* Exercise goal
Could you retype exactly the lines below between the one holding "Красивое платье sassofono, размер м4 фото" and the one holding "Пожар в Виннице", inclusive, leaving out any pictures?

Segment Start: Data records

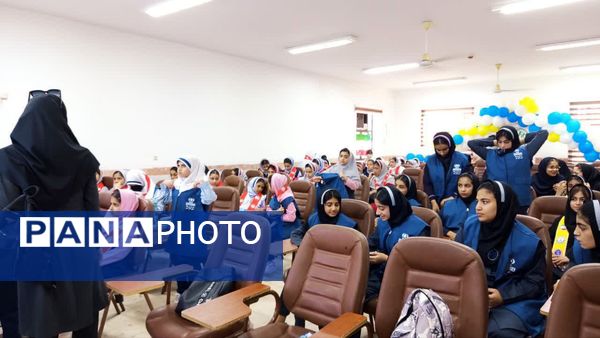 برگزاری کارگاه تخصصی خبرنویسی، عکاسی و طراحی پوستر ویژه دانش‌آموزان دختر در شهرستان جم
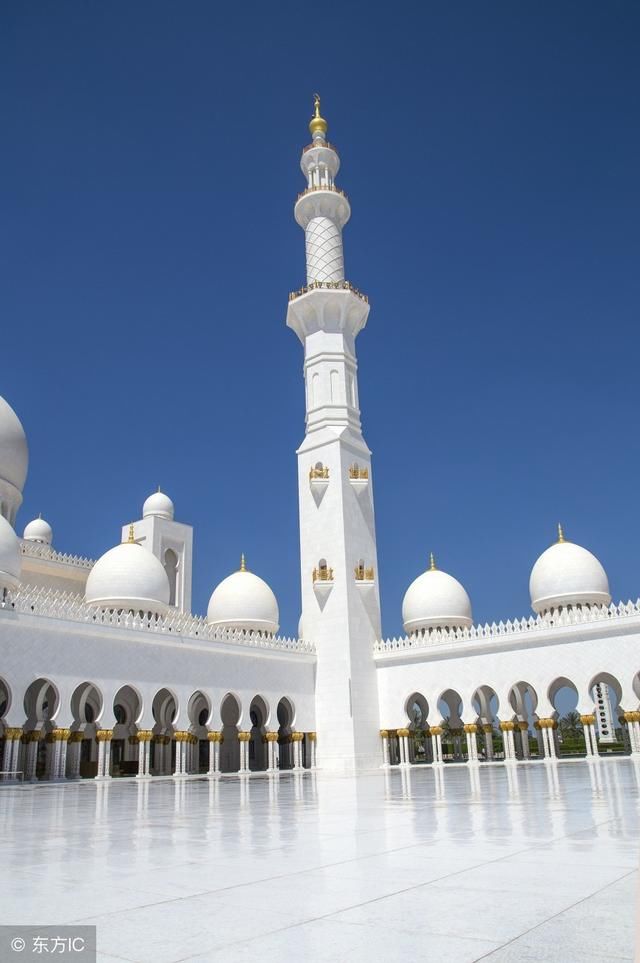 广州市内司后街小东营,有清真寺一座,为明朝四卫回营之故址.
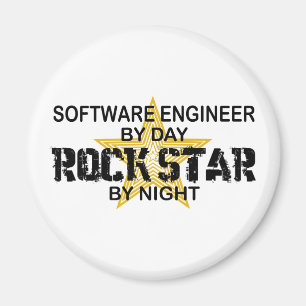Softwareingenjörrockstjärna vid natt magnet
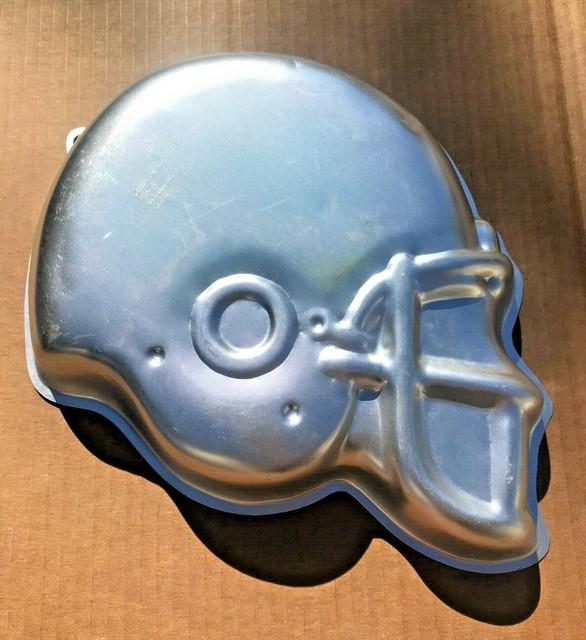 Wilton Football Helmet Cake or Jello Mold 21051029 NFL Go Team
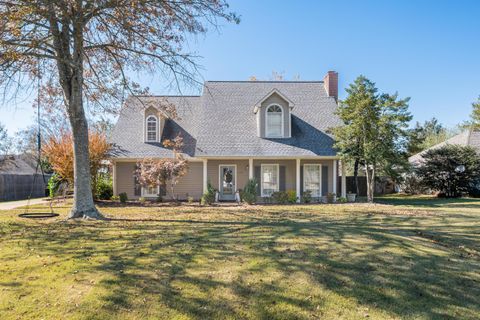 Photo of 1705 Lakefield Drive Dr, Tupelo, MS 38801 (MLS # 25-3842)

Segment End: Data records
Segment Start: Data records

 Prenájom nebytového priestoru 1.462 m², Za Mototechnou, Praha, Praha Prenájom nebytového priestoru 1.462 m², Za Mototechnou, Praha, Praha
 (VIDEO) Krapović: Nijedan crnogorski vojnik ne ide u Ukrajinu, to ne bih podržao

Segment End: Data records
Segment Start: Data records

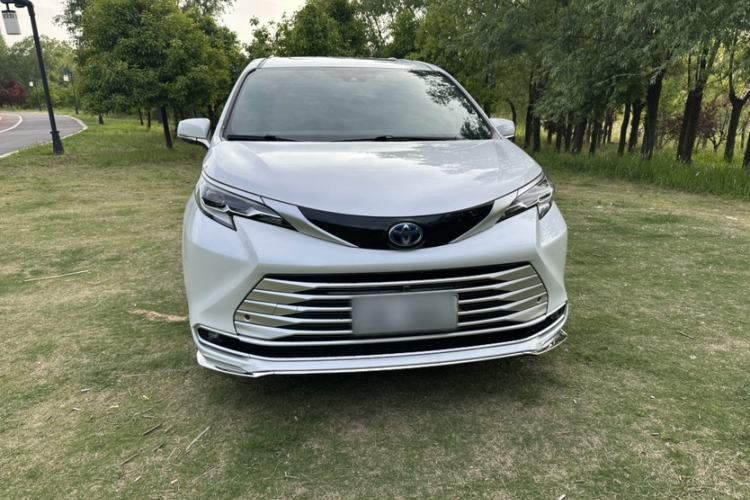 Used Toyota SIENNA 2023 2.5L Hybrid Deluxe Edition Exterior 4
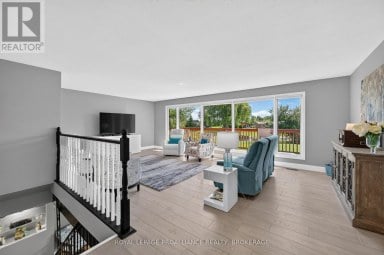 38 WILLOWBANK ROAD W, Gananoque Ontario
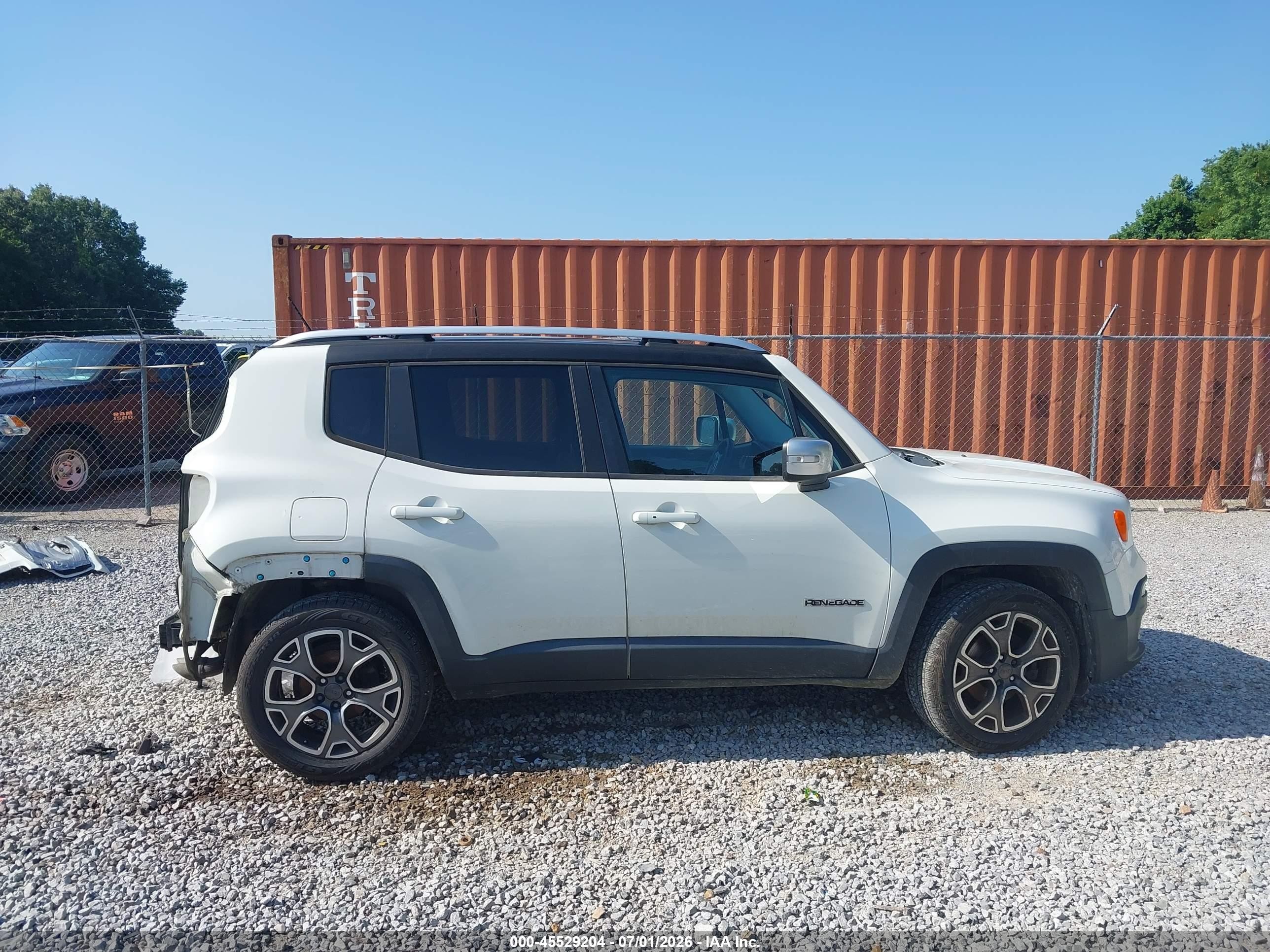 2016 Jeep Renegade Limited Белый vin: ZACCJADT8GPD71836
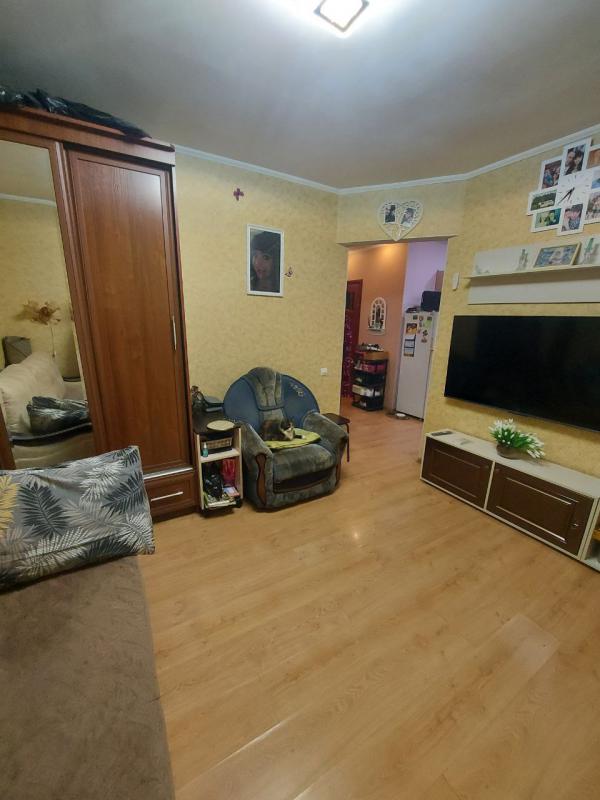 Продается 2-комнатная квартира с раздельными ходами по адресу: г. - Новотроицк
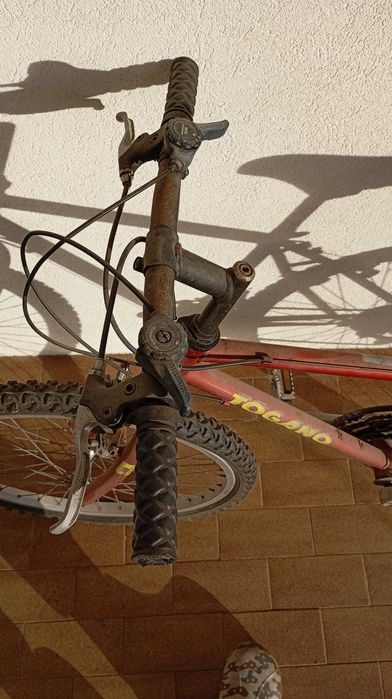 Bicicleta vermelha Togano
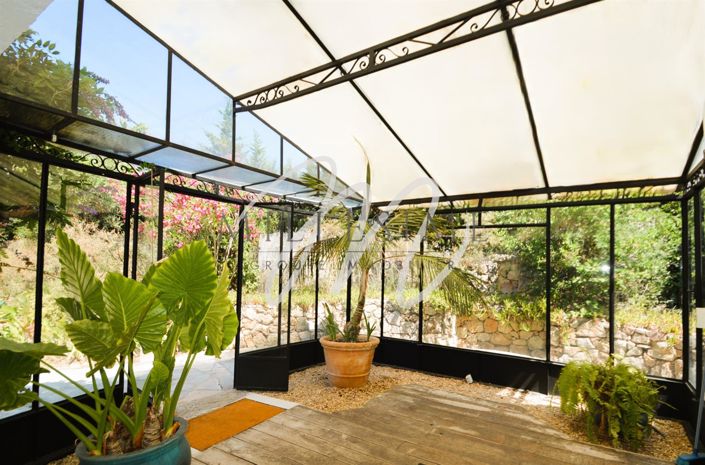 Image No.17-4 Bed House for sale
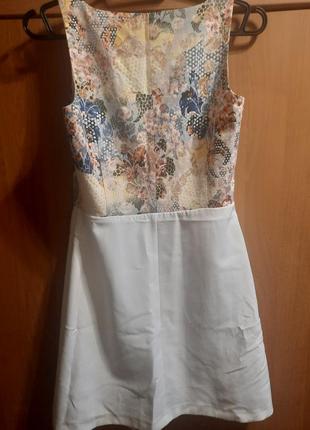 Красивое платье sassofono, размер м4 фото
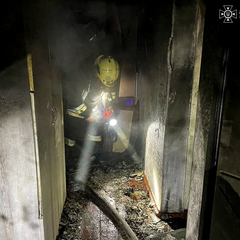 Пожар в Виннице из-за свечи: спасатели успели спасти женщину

Segment End: Data records

* Answer section
 Красивое платье sassofono, размер м4 фото
 Пожар в Виннице из-за свечи: спасатели успели спасти женщину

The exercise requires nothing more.